We take advantage of the existence of these population cut-offs to implement a regression discontinuity design where we compare municipalities slightly above and below these cut-offs over three rounds of elections (2007, 2011, and 2015). By comparing municipalities that are practically identical in terms of population (the optimal bandwidth is around 1,000 inhabitants), this empirical strategy is robust to the existence of any other relevant factors that vary smoothly at the threshold. The analysis provides information on the impact of quotas in an important context: relatively small municipalities, likely in rural areas, where the persistence of gender stereotypes tends to be stronger and where women have been traditionally excluded from decision-making to a larger extent. Interestingly, this is a group of municipalities that many countries have decided to exclude from the quota (e.g. France, Italy, and Spain).
In sum, our study confirms that quotas in electoral lists increase the number of women elected.
However, during the ten years in which quotas have been in place in Spain, they have not significantly affected the probability that women reach leadership positions or the type of policies that are implemented, at least in small municipalities that were the object of our study. At the same time, the fear that quotas would decrease the quality of politicians has not been confirmed: quota candidates have similar educational attainment and they attract a similar number of votes compared to the candidates they replace.
Details: https://voxeu.org/article/electoral-gender-quotas-fail-empower-women
4 Why quasi-experiments might be superior
Green (2010) makes the strong case for more widespread use of quasi-experiments. While randomized controlled experiments are generally superior to other types of casual inference, she argues that we should think of a continuum ranging form poorly designed quasi-experiments (least preferred) to strongly designed controlled experiments (most preferred). In the middle range are both strongly designed quasi-experiments and poorly-designed controlled experiments. In that category, there is a case to be made for using quasi-experiments.

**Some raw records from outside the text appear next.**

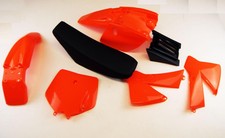 FIR ORANGE PLASTIC KIT KTM 50 SX 2002-2008 WITH SEAT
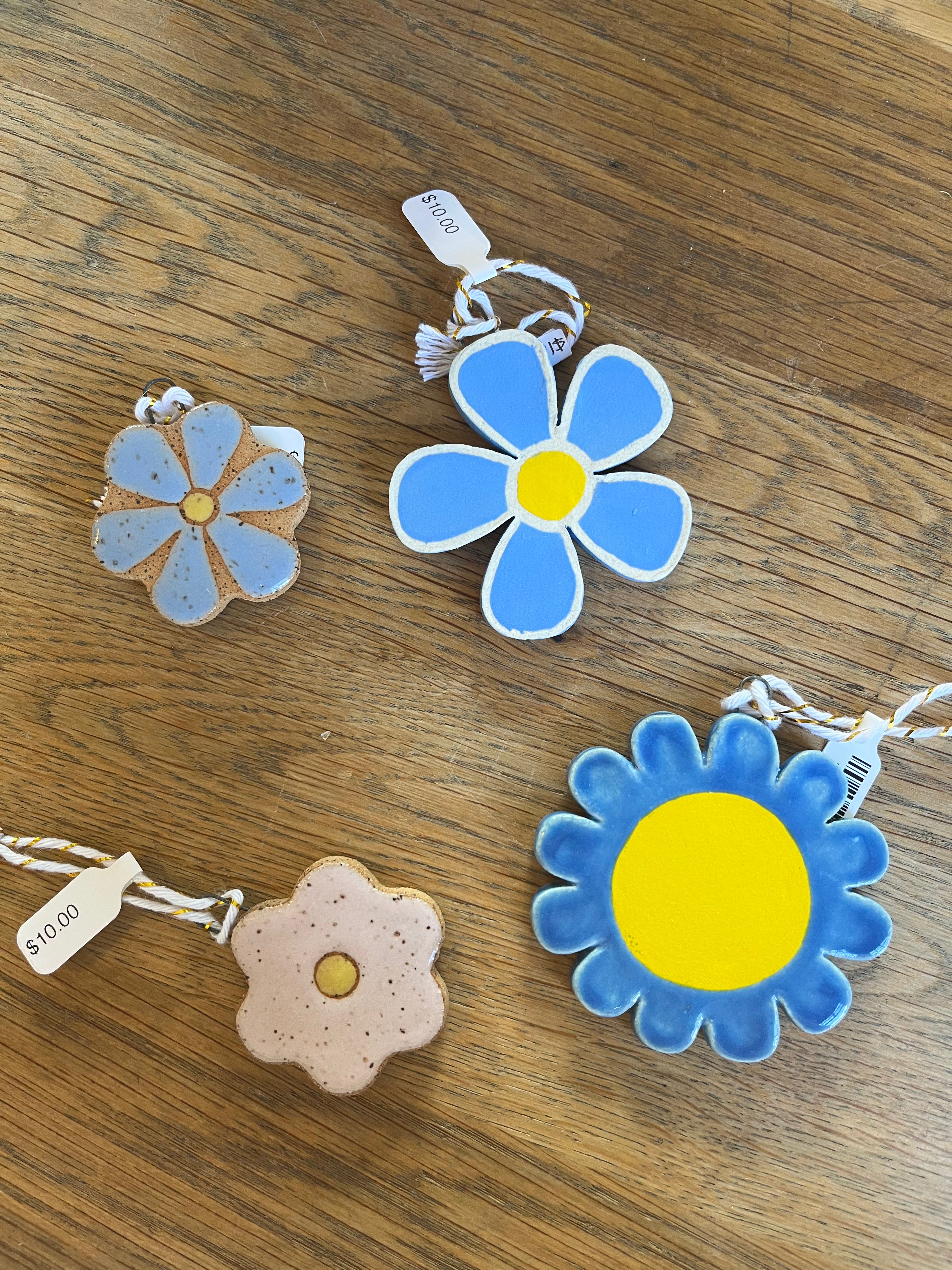 Mini Flower Ornaments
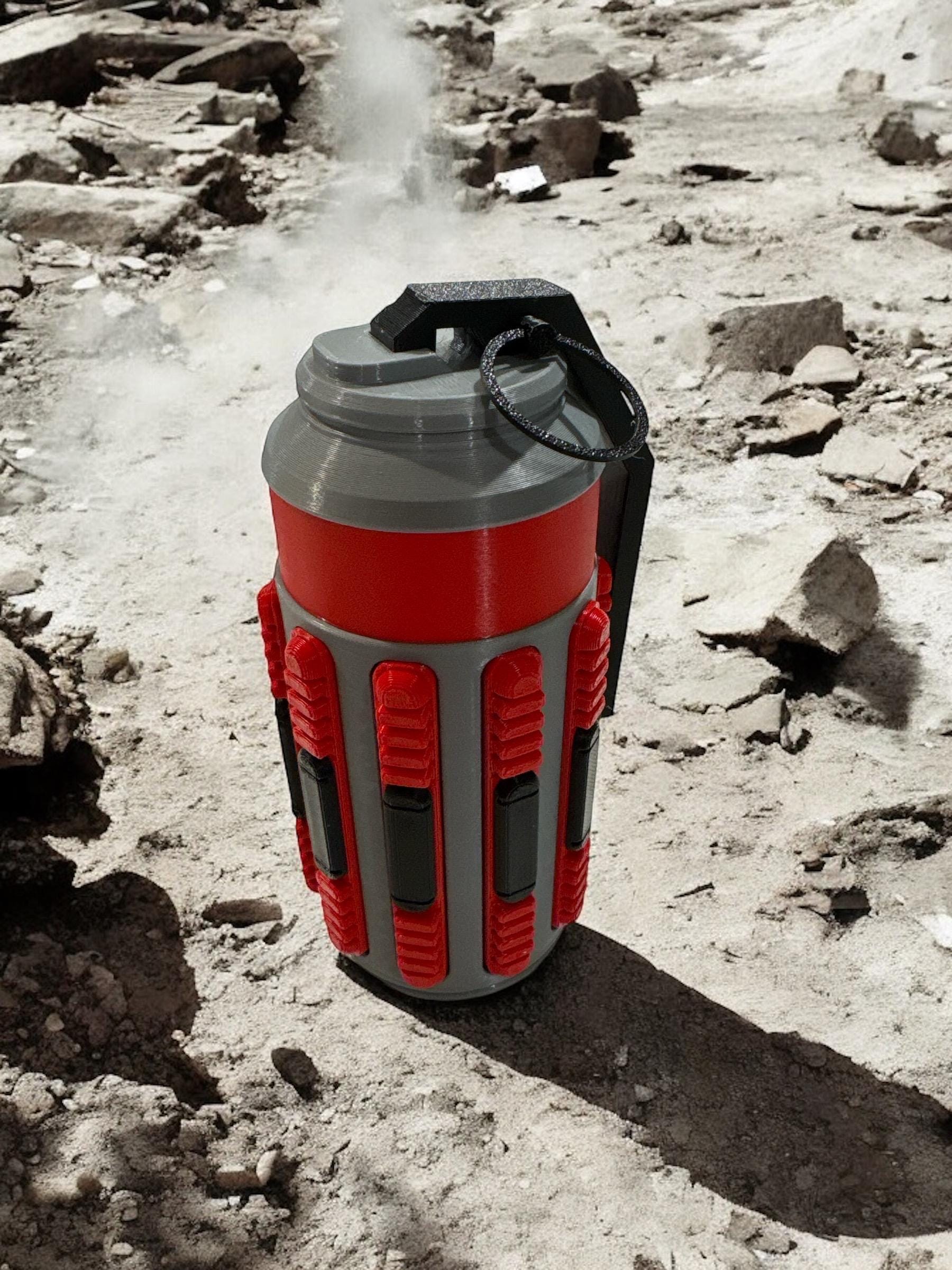 Helldivers 2 Props | Toy Video Game Replica | Not Real Working | 3D Printed | In Color | Magnetic Spoon | Non Functional | For Democracy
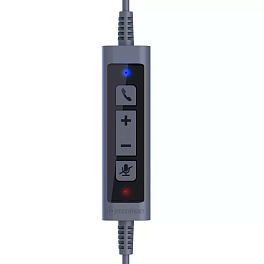 Accutone UB610MK3 ProNc Comfort USB, гарнитура с активным шумоподавлением микрофона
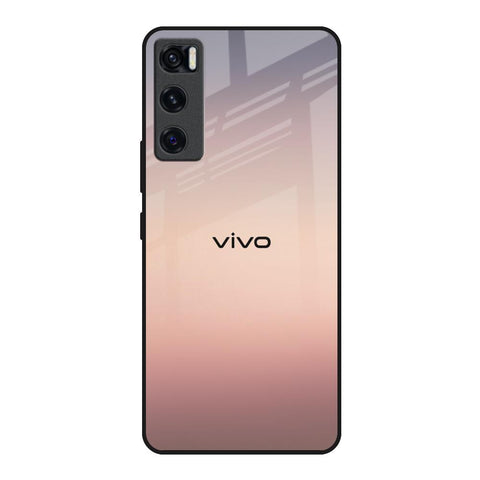 Golden Mauve Glossy Case for Vivo V20 SE
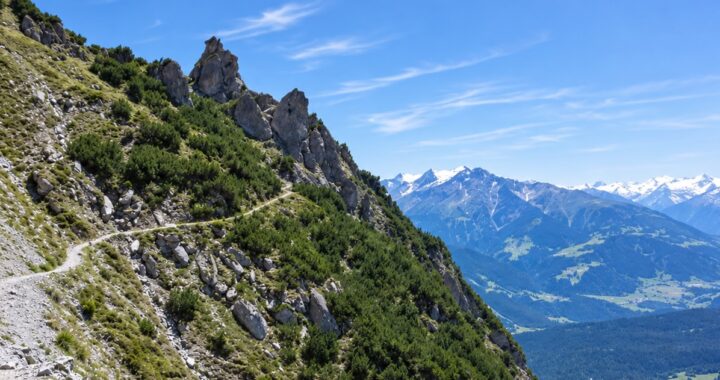 Alp Mora, Bargis, Höhenquerung, MTB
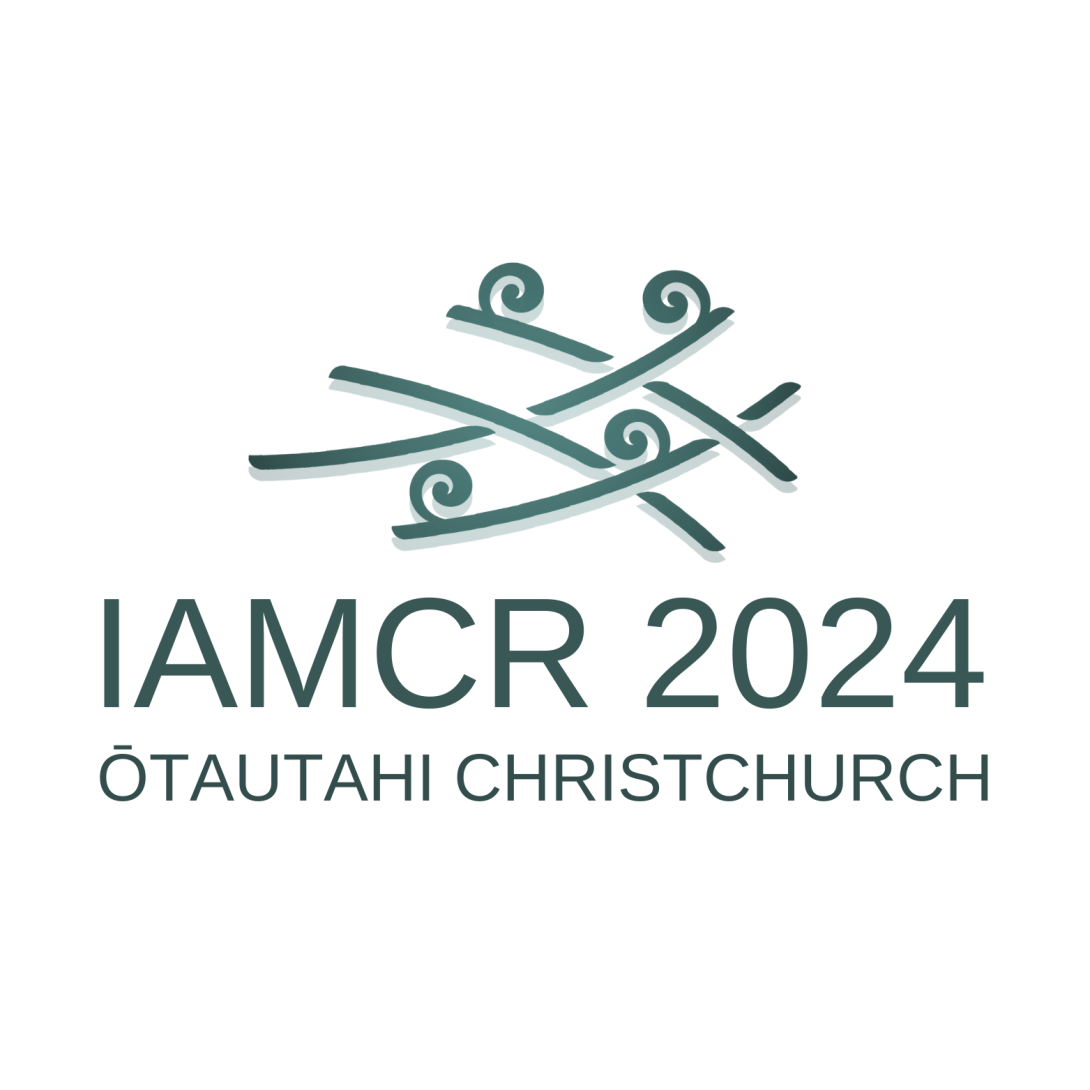 IAMCR 2024 logo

Think about our threats to validity:
In a quasi-experiment, no one - researcher or subject - knows at the time they are part of experiment. So we have higher confidence in internal validity.
In a quasi-experiment, you are not constrained by access to subjects or other practical and ethical constraints. You are only observing post-hoc.
- you are not making choices about access to some treatment
- you are not exposing subjects to potential harm
Since the design can be applied to a broader range of settings and contexts, we can have a higher confidence in external validity.
But since the natural or administrative choices that set up the quasi-experiment may be rare, external validity may be a challenge.
These insights might explain why quasi-experiments and particularly regression discontinuity design are becoming so widely used and popular: inexpensive, powerful, practical.